European Union regulators have warned Spain against its tax subsidies for Spanish firm’s involved in stake acquisitions outside of the EU. The EU regulators said the subsidies amount to unfair advantage. According to an EU communiqué, the tax provision amounts to a clear and unjustified advantage to the Spanish-based companies. Spain must recover aid granted through the tax measure since December 2007, the EU regulator said.

The commission, the 27-country EU’s executive arm, has been investigating the tax provisions since October 2007 because of concerns that they may distort competition. Spain already scrapped measures for acquisitions in other EU countries after being told to do so by the commission in 2009.

Spain will be allowed to continue to apply the measure for stock purchases in India and China, the commission said. These two countries have “fiscal and other legal obstacles” that justify the Spanish measure, it said. Spain’s finance ministry didn’t immediately respond to an e-mail seeking comment, said the Bloomberg report.

In 2002, Spain incorporated a provision in its corporate tax law which provides an advantage to Spanish companies making acquisitions in non-EU countries. The EU has ordered that Spain abandons that provision. The European Commission initiated a formal investigation in December 2007 to determine whether the provision favored Spanish companies acquiring foreign companies and whether this amounted to a distortion of competition.

The Spanish income tax code states that a Spanish company may amortize the financial goodwill resulting from the acquisition of a shareholding of more than 5% in a foreign company over the 20 years after the acquisition.

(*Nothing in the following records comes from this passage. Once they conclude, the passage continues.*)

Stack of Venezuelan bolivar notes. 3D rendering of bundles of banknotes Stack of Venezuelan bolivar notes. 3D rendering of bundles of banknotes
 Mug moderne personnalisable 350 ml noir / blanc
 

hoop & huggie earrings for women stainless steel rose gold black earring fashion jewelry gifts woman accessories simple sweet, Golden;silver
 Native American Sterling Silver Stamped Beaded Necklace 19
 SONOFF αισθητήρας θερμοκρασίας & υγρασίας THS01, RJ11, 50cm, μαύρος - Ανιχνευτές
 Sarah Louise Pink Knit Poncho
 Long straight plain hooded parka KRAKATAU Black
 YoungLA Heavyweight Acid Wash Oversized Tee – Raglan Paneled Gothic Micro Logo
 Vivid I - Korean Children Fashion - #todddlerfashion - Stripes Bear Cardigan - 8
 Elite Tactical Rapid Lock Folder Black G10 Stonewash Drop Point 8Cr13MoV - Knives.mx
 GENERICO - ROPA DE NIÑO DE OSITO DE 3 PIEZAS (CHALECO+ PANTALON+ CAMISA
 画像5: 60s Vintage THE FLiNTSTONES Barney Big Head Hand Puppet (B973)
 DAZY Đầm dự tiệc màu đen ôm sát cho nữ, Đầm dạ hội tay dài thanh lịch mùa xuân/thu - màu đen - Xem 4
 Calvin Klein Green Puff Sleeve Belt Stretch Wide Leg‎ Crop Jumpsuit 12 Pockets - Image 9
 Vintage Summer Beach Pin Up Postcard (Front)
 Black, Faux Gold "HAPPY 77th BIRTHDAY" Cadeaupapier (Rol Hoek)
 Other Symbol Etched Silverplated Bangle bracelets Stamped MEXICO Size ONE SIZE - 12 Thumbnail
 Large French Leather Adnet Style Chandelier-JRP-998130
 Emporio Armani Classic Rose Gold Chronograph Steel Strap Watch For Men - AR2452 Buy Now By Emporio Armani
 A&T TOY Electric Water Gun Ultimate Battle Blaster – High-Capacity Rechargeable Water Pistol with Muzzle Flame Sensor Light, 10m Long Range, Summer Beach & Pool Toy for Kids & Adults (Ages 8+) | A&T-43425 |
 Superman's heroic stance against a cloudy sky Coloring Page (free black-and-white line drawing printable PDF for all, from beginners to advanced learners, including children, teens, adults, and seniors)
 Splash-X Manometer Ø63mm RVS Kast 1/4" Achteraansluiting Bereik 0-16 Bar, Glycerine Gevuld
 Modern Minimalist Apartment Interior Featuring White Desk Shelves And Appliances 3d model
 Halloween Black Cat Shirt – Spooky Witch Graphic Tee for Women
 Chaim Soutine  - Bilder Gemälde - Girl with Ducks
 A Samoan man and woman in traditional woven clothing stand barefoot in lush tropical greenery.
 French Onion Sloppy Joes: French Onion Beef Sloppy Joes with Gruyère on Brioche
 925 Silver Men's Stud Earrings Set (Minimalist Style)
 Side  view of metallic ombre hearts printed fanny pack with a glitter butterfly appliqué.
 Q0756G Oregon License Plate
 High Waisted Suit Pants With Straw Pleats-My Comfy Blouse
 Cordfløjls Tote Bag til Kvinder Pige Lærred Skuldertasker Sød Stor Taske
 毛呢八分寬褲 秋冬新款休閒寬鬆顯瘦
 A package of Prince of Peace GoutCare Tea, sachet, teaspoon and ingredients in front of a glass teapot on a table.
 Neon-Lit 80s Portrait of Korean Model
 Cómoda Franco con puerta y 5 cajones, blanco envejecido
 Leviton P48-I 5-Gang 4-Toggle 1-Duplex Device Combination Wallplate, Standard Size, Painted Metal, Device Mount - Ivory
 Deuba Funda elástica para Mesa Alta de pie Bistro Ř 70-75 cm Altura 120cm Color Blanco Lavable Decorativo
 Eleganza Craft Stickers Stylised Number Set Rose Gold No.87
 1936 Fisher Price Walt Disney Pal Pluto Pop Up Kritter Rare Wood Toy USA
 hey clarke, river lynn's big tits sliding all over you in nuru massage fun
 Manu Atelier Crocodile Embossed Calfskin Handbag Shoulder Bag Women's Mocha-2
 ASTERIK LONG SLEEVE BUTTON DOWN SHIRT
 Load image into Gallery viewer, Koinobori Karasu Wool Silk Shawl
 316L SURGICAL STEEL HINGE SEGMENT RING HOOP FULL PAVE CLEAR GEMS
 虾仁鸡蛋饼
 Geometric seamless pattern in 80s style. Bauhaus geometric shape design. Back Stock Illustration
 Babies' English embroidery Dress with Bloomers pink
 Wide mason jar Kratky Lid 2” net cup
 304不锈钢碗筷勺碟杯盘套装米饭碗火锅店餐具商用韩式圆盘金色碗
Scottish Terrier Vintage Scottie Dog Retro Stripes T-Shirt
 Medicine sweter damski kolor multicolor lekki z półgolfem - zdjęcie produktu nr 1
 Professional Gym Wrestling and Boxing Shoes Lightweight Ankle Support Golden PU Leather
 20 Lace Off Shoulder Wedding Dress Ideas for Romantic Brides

The amortization of financial goodwill allows the deduction of the difference between the acquisition cost of the shares and the market value of the target’s assets, from the tax base of the acquiring company. This is usually permissible in full mergers, and cannot discriminate between foreign and national firms.

This provision, even in cases where the acquiring and acquired companies are not combined into a single business entity, meant the scheme stood as an exception from the general Spanish tax.
The European Commission is the executive body of the European Union. The body is responsible for proposing legislation, implementing decisions, upholding the Union's treaties and the general day-to-day running of the Union. Its directive means Spain may have to reconsider the Tax provision.